*Material for this exercise*
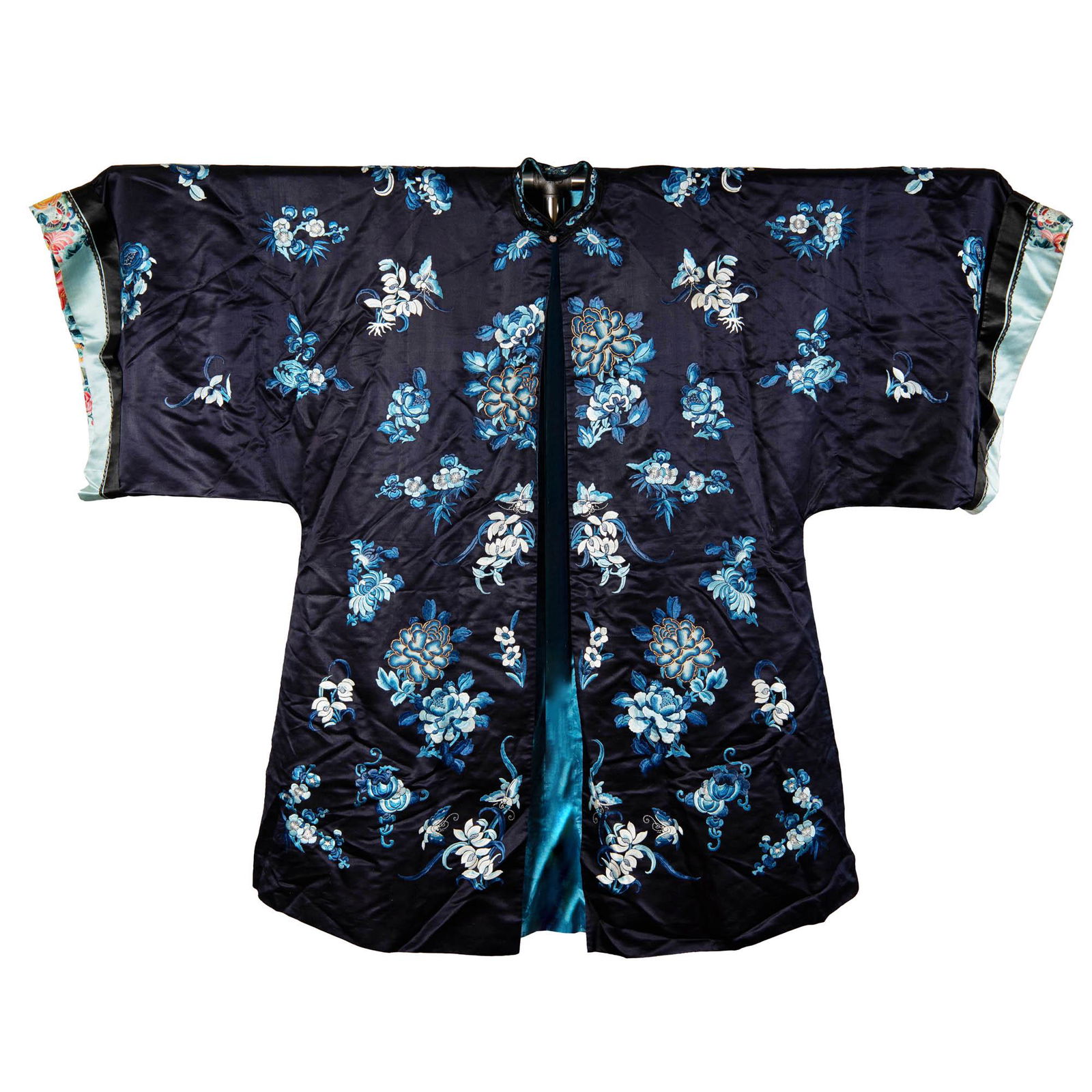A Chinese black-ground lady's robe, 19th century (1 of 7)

==

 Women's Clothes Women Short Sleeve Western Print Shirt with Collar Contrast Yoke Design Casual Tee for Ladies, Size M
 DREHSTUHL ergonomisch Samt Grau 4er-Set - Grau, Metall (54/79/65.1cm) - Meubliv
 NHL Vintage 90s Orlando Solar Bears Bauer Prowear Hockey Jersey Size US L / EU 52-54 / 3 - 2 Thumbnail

*Required work*
Using the data above, repeat exactly the lines that begin at the line with "Women's Clothes Women" and end at the line with "NHL Vintage 90s", both ends included.

*Completed exercise*
 Women's Clothes Women Short Sleeve Western Print Shirt with Collar Contrast Yoke Design Casual Tee for Ladies, Size M
 DREHSTUHL ergonomisch Samt Grau 4er-Set - Grau, Metall (54/79/65.1cm) - Meubliv
 NHL Vintage 90s Orlando Solar Bears Bauer Prowear Hockey Jersey Size US L / EU 52-54 / 3 - 2 Thumbnail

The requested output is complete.